The Brooklyn Museum is hitting pause on planned layoffs after the City of New York confirmed an additional $100,000 in funding for the current fiscal year. Of the 47 full- and part-time workers initially expected to be cut, 27 accepted voluntary buyouts last week, but the fate of the remaining staffers was unclear until the city stepped in.
“However, we continue to await confirmation of the promised additional funding for next fiscal year,” Director Anne Pasternak warned in an email to staff today, March 24, reviewed by Hyperallergic. If that city money does not materialize, Pasternak said, the museum “will unfortunately need to move ahead with the previously planned reductions by June 30, 2025.”
In response to Hyperallergic‘s request for comment, a Brooklyn Museum spokesperson confirmed the pause in further staff cuts and added that “museum leadership is continuing its productive conversations with the City regarding funding.”
The museum’s unions, workers, and supporters fought for weeks against the institution’s highly criticized plan to lay off more than 10% of its workforce in the face of a $10 million budget deficit.
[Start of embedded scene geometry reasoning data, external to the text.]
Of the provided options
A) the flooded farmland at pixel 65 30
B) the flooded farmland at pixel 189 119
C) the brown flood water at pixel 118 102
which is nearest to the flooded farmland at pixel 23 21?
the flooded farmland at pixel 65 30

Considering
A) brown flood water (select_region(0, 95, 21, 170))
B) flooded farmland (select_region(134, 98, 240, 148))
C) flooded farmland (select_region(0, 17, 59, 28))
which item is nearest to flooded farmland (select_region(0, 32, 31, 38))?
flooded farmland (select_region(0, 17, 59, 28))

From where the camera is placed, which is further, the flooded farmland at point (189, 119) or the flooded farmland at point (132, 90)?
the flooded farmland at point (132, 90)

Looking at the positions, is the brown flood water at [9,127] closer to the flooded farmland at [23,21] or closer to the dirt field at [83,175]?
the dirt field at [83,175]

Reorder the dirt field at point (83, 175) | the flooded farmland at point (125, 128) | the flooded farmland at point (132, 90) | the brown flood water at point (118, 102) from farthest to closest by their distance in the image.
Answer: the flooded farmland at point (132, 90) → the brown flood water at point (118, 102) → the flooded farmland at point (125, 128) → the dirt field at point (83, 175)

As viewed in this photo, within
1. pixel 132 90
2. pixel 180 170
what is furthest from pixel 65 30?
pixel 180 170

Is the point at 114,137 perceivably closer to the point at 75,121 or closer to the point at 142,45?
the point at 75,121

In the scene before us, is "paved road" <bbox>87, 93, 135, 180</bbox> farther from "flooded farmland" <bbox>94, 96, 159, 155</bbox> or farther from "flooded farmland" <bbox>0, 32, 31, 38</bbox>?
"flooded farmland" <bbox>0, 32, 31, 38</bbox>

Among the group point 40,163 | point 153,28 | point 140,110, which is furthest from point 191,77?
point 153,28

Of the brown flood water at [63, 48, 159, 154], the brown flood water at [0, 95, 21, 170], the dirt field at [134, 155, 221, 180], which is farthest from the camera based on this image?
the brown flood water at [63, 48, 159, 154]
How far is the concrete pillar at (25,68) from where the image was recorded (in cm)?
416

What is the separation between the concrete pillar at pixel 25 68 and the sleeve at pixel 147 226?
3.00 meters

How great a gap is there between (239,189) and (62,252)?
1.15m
After a series of rallies and a special oversight hearing at City Hall, leadership agreed to voluntary separation packages and retirement incentives — alternatives to staff cuts that District Council 37 Local 1502 and UAW Local 2110, the museum’s two unions, had been advocating for.
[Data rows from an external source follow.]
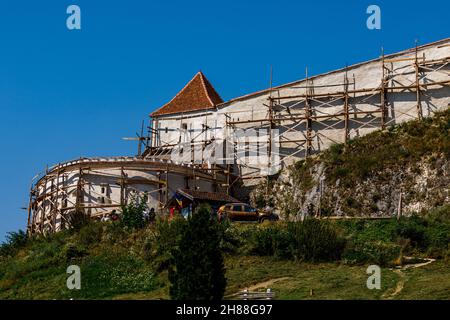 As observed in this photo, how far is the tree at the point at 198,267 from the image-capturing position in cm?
2675

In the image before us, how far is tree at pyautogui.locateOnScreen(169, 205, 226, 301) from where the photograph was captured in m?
26.8

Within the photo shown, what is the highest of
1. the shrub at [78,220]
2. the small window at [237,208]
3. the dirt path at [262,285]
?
the small window at [237,208]

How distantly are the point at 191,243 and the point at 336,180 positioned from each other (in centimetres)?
2330

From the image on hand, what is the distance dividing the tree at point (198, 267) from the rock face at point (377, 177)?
1901cm

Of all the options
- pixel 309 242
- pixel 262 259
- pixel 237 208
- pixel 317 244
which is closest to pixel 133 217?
pixel 237 208

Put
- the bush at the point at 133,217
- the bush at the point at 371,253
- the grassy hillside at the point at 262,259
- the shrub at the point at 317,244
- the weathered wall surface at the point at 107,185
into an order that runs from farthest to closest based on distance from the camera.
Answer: the weathered wall surface at the point at 107,185 → the bush at the point at 133,217 → the shrub at the point at 317,244 → the bush at the point at 371,253 → the grassy hillside at the point at 262,259

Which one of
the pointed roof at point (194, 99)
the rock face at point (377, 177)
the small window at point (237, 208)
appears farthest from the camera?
the pointed roof at point (194, 99)

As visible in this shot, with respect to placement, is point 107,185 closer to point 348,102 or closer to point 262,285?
point 348,102

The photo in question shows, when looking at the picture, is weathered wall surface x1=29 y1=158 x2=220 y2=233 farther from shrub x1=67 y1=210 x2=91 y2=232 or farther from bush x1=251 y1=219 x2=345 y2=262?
bush x1=251 y1=219 x2=345 y2=262

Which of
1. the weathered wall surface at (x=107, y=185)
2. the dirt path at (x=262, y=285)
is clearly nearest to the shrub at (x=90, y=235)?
the weathered wall surface at (x=107, y=185)

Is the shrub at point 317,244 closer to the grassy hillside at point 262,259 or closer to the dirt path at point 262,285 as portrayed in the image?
the grassy hillside at point 262,259

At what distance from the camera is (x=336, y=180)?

“There is no reason why 47 people should be losing their jobs until we exhaust everything possible,” DC 37 Executive Director Henry A. Garrido said at the City Council hearing on February 28, recalling that the museum offered furloughs to workers during a period of financial turmoil in 2016.
Pasternak shared a plan to implement what she described as “difficult cuts and strategic investments” during an all-staff meeting on February 7. In addition to layoffs, she said the museum would cut back programming, freeze hiring for positions that are not “critical for financial growth,” and reduce senior staff salaries by 10% to 20%. The museum’s popular First Saturdays event was paused for two months as part of the cost-saving measures.
Throughout six weeks of protests and negotiations, union leaders stressed their view that workers should not be taking the fall for the institution’s economic troubles. “They created a deficit and they want to balance that deficit on the back of our unions,” Local 1502 President Wilson Souffrant said at a March 6 rally.
The news of the Brooklyn Museum’s tentative pause on layoffs comes as cultural workers across the country brace for instability and job cuts amid rising expenses, unpredictable federal funding, and loosening labor protections. On February 28, the Guggenheim Museum in New York City laid off 20 workers effective immediately, without salary cuts for senior staffers. This month, unions representing workers at the Asian Art Museum and the Fine Arts Museums of San Francisco pushed back against possible layoffs in light of a city budget reduction proposal.